I got my hedgehog a few weeks ago from his previous owner and within a few days I noticed he had these growths under his eyelids. The guy I got him from said he never noticed them before. My hedgie doesn't scratch at it and it doesn't look painful but it seems to be growing, so I am worried.

Has anyone seen anything like this?

My picture wouldn't post, so I posted a link instead.


__
http://instagr.am/p/M4ZUIigcGV/


----------



## Kalandra (Aug 25, 2008)

Looks like this yes? viewtopic.php?f=5&t=17224&p=148568&hilit=eye#p148568

Sorry your link is bombing out for me when I try to load the image, but I'm betting it looks like my girl in that link. If so, take her to the vet at some point to have them checked out just to insure its the same thing. But some hedgehogs do have these little fatty pockets in the corners of their eyes. If you search the forum, you'll find other links where we discuss it.

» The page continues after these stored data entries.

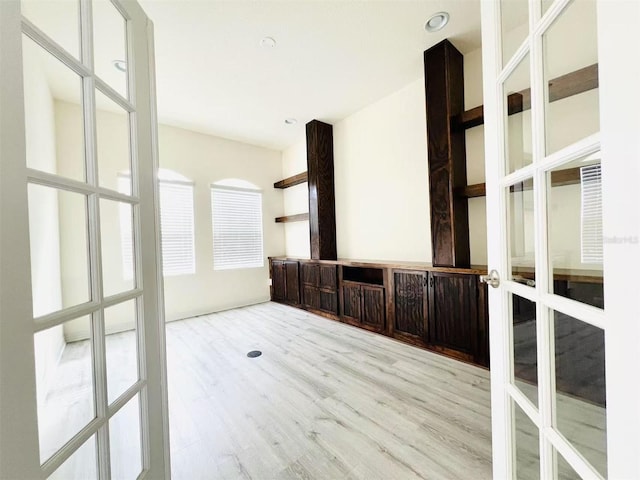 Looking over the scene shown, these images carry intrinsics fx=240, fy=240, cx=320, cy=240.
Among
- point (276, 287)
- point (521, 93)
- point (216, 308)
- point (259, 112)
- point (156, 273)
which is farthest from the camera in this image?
point (276, 287)

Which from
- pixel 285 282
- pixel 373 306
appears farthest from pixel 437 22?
pixel 285 282

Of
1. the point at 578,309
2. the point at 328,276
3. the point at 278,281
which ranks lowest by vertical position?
the point at 278,281

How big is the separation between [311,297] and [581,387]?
139 inches

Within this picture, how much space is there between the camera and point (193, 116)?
371 centimetres

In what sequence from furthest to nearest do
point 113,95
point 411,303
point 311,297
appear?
1. point 311,297
2. point 411,303
3. point 113,95

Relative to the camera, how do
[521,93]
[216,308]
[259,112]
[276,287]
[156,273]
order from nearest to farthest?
[521,93] < [156,273] < [259,112] < [216,308] < [276,287]

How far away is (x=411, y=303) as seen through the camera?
2.71m

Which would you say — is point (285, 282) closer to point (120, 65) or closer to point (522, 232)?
point (120, 65)

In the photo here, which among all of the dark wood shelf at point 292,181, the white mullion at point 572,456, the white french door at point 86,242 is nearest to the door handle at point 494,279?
the white mullion at point 572,456

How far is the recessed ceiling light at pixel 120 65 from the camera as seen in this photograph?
0.99 m

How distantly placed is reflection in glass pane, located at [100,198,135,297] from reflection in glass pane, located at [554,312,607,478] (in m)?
1.52

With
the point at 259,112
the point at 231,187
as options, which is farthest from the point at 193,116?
the point at 231,187

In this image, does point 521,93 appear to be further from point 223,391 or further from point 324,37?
point 223,391

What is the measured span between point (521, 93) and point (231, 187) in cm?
454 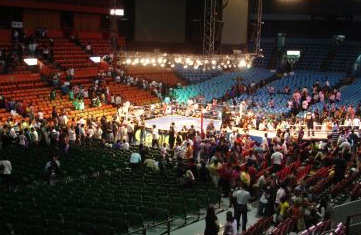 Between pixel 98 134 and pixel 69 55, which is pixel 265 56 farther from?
pixel 98 134

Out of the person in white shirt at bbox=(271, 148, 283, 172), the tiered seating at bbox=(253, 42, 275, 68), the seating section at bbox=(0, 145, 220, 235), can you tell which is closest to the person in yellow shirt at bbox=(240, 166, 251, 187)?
the seating section at bbox=(0, 145, 220, 235)

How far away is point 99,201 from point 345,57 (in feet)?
96.4

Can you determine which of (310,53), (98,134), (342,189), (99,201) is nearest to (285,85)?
(310,53)

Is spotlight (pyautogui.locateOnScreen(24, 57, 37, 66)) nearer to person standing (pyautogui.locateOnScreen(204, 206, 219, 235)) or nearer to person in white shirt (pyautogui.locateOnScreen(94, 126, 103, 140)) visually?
person in white shirt (pyautogui.locateOnScreen(94, 126, 103, 140))

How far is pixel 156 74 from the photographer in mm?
35531

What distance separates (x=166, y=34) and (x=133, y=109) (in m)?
6.67

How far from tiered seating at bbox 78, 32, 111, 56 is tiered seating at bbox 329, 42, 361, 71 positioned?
15580 millimetres

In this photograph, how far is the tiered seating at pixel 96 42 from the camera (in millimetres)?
33916

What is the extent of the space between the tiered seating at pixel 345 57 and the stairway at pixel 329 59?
0.25 meters

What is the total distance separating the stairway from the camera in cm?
3752

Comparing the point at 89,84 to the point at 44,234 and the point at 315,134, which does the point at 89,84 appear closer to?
the point at 315,134

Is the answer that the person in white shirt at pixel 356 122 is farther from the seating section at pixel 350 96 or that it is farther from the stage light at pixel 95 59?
the stage light at pixel 95 59

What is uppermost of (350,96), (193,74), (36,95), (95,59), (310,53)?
(310,53)

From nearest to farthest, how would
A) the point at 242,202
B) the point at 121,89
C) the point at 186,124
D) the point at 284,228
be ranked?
1. the point at 284,228
2. the point at 242,202
3. the point at 186,124
4. the point at 121,89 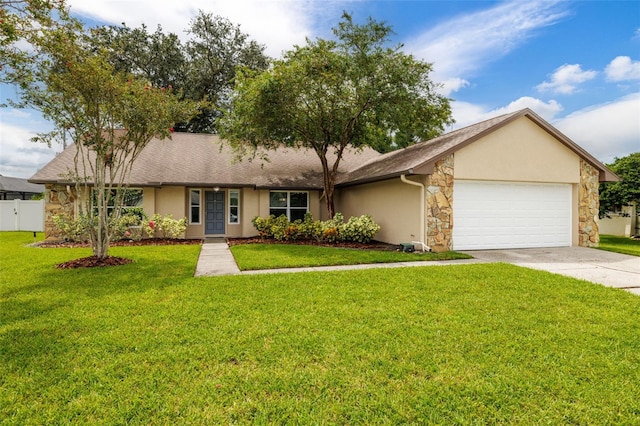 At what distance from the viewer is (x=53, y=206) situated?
547 inches

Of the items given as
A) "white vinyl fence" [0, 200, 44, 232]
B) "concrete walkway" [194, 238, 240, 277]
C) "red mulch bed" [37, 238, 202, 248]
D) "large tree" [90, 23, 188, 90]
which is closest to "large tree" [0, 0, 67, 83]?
"concrete walkway" [194, 238, 240, 277]

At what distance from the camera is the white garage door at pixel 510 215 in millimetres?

Now, my only concern here is you state they are growing. Are you certain they are growing, like they stick out all the time? Or do they sometimes appear bigger than others? With Poptart if she was seriously stressing they would pop out quite a lot. If you are certain they are growing, then a veterinary visit as soon as possible should be arranged.


----------



## danfonta (Jul 8, 2012)

Yes that is exactly what it looks like! 

I guess it just seems to be popping out more, I noticed that it does seem to pop out more when he is stressed. Maybe the move from his old owner is what really caused it to flare up?


----------



## Kalandra (Aug 25, 2008)

Changing to a new home is definitely stressful. Even when they seem to be doing well, they are a bit stressed over it. 

Try to not stress over them. Your stress will be sensed by him I'm betting that he just has those little fat pockets and its nothing at all. If you think they are indeed getting larger, then take him in to have them checked out, as there are things that can look similar (like the 3rd eyelid popping out).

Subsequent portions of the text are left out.